Exercise goal:
Reproduce only this stretch of the listing below: from the line with "게스 여성 M톤 기모 슬림 스키니 YM4D9183" through the line with "Nostalgic Heart Initial Open Locket Necklace", exactly as written, with pictures excluded.

Task material:
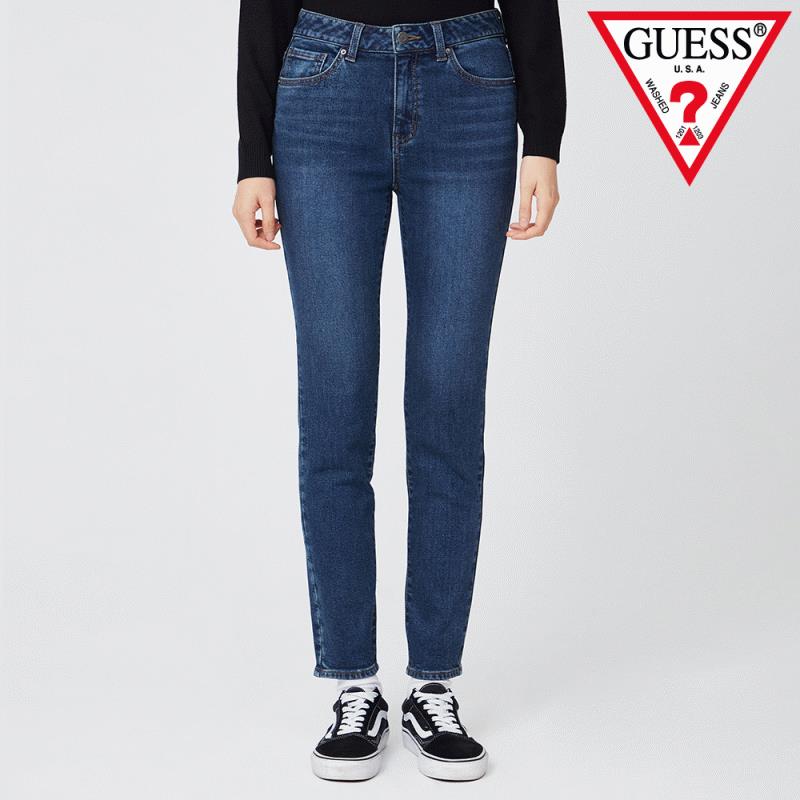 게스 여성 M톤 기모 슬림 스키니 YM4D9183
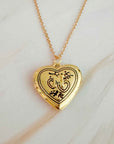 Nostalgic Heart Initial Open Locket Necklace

...

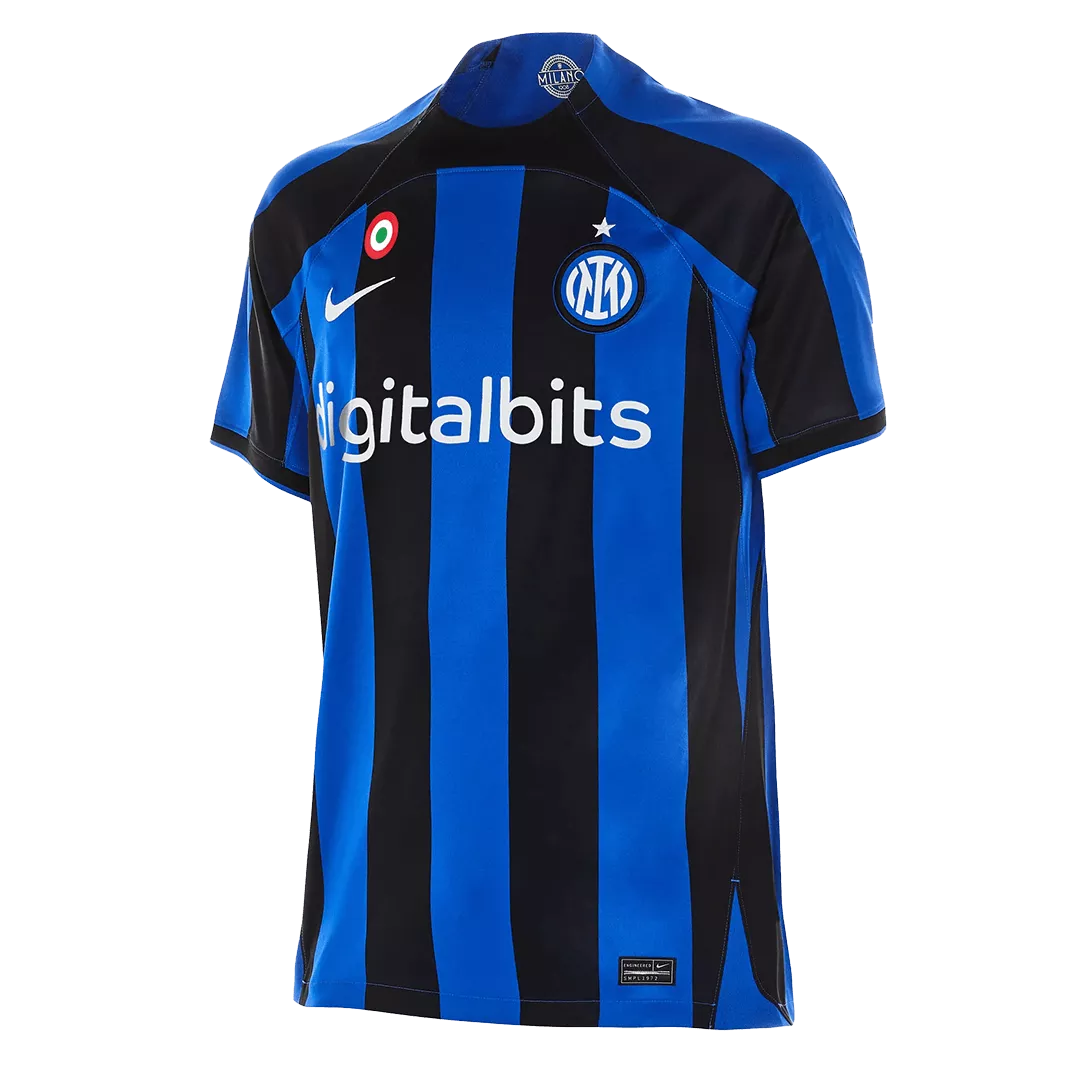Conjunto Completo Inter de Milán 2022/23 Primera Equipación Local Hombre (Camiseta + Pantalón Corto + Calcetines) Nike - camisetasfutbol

* * *

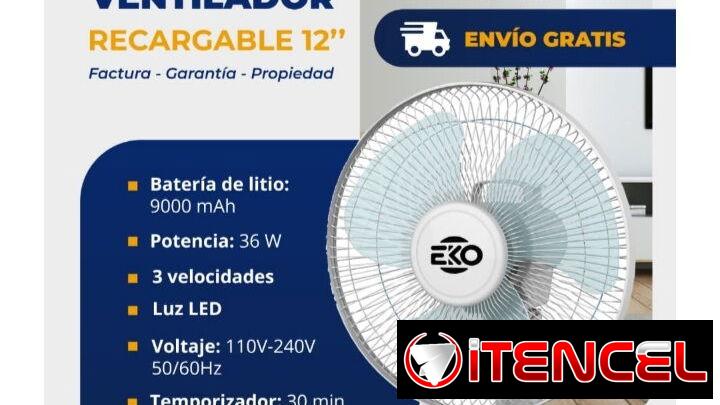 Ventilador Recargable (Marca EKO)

Your solution:
 게스 여성 M톤 기모 슬림 스키니 YM4D9183
 Nostalgic Heart Initial Open Locket Necklace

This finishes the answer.